Fromelles was the first major battle involving the AIF on the Western Front. Admittedly, it was overshadowed by Pozieres later that same month (July 1916) and everything that followed, but the remarkable feature of Fromelles was how little knowledge, or even awareness, of the battle and the scale of the casualties was known in Australia at the time. It was only after the War that the ‘truth’ of Fromelles emerged. For example, in its Saturday edition of 10 April 1920 (p.7 ) The Argus ran a story under the headline: Fromelles 1916! A Glorious Failure. What Really Happened. The last sentence read,

The Total casualties among the Australians from noon on July 19 to noon on July 20 were 178 officers and 5,335 of other ranks.

However, in 1916 the details were heavily censored. There were reports in the Australian press immediately after the battle, but the account was highly qualified.

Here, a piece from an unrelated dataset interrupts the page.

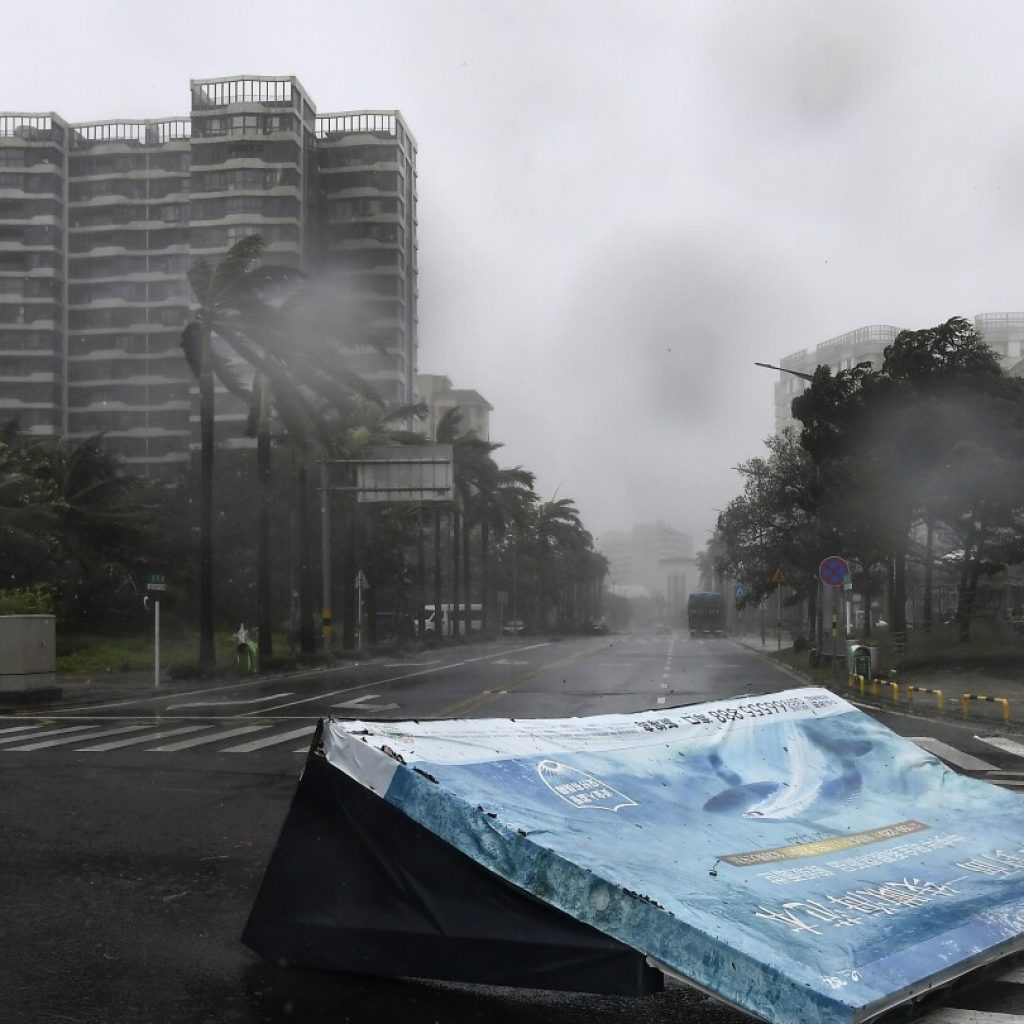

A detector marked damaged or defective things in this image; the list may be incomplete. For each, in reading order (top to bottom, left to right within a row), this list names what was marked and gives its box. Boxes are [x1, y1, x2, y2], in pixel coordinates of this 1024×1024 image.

torn billboard fabric [321, 688, 1024, 1024]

Bean’s official report was published in both The Age (p.7) and The Argus (p.7) as early as Monday 24 July 1916. Both papers did include Bean’s comment that, The losses among our troops engaged were severe. But ‘severe’ was not quantified. Moreover, other details in Bean’s report gave a contradictory picture. For example, when he described the efforts made to enable Australian troops trapped in the German trenches to return to their own lines Bean played down the level of casualties:

This work [cutting communication trenches through to the German trenches] enabled the troops to carry out the retirement with loss which was slight when the extraordinary difficulty of the operation was considered.

Given what Bean had heard, and seen for himself, the entire account was very disingenuous. Moreover, in both papers, the story of Fromelles was presented as part of the wider Somme offensive. The headlines, for example, in The Argus on July 24, 1916 for the section where Bean’s report was included were as follows: Australia’s Share In Great Offensive.  A Heavy Engagement. All is well on Somme Front. Important Russian Gains.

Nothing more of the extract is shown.